EXERCISE PROMPT >> Extract only the first line of the listing and every line after it up to and including the one with "Savvies 2 Pack". Omit the pictures.

MATERIALS PROVIDED >>
#####

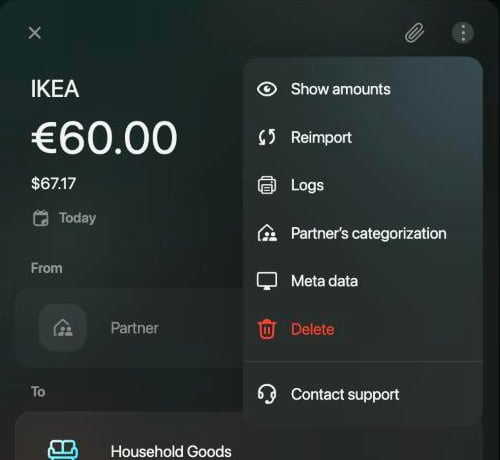 The ⋮ menu of a received IKEA transaction on the web: Show amounts, Reimport, Logs, Partner's categorization, Meta data, Delete, Contact support.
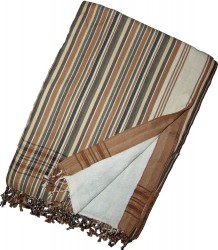 Kikoy Beach Towel Safari Tan Cream multiple stripes_335/17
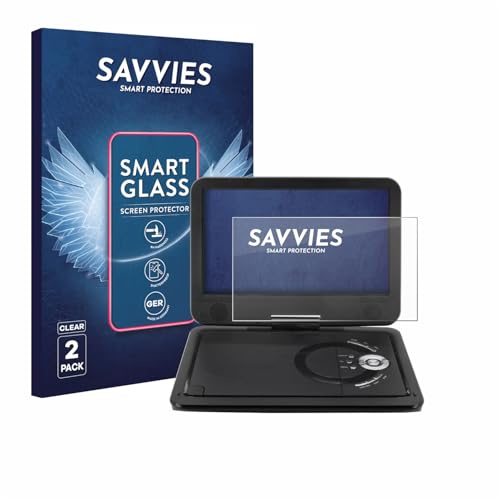 Savvies 2 Pack Tempered Glass Film compatible with Soundmaster PDB1910SW DVD Player 9H Screen Protector, Glass-Foil, Clear, Armor Protection Film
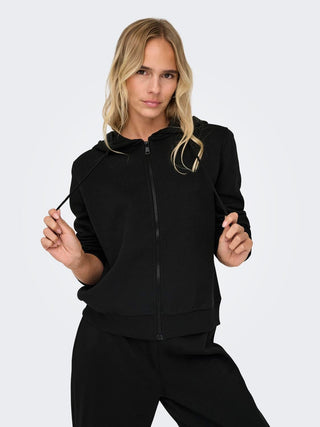 ONLY MAGLIONE BELLA MANICA LUNGA GIROCOLLO CON ZIP E CAPPUCCIO DONNA 15326712 BLK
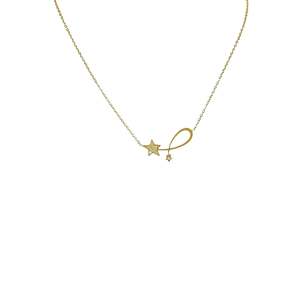 Collar de Cristal con Baño de Oro PVD, Acero Inoxidable 316L, Diseño de Estrella Resistente y Sostenible, Cadena de Serpiente, Minimalista, Unisex - Product Image 1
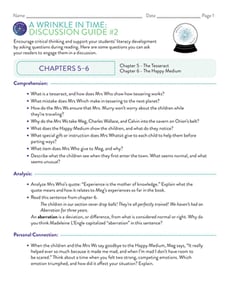 Novel Study: A Wrinkle in Time: Discussion Guide #2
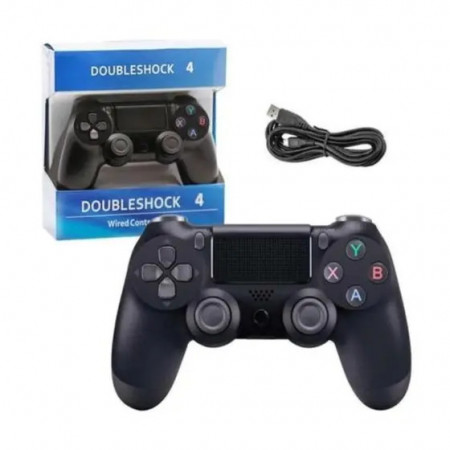 Maneta cu fir pentru consola PlayStation PS4, Joystick controller cu cablu, Sistem vibratii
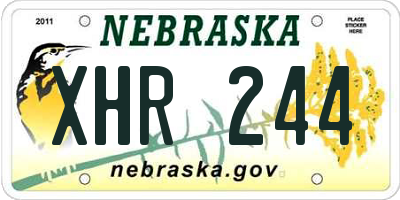 NE license plate XHR244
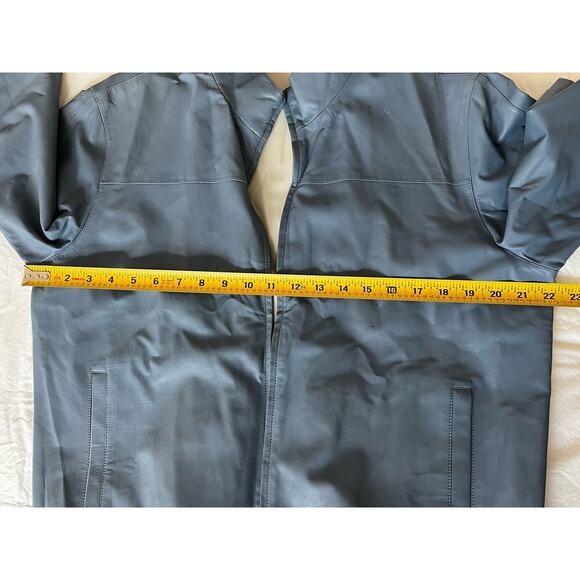 $6,950 MSRP Loro Piana Bomber Windleather Reversible Blue & Ivory Size 52 IT - Picture 6 of 14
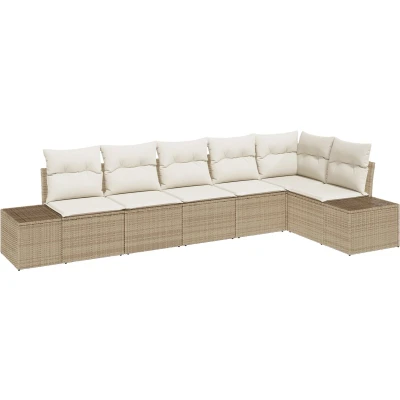 Afbeelding van vidaXL 6 delig tuinbankstel met kussens Beige Poly Rattan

#####

FINISHED EXERCISE >>
 The ⋮ menu of a received IKEA transaction on the web: Show amounts, Reimport, Logs, Partner's categorization, Meta data, Delete, Contact support.
 Kikoy Beach Towel Safari Tan Cream multiple stripes_335/17
 Savvies 2 Pack Tempered Glass Film compatible with Soundmaster PDB1910SW DVD Player 9H Screen Protector, Glass-Foil, Clear, Armor Protection Film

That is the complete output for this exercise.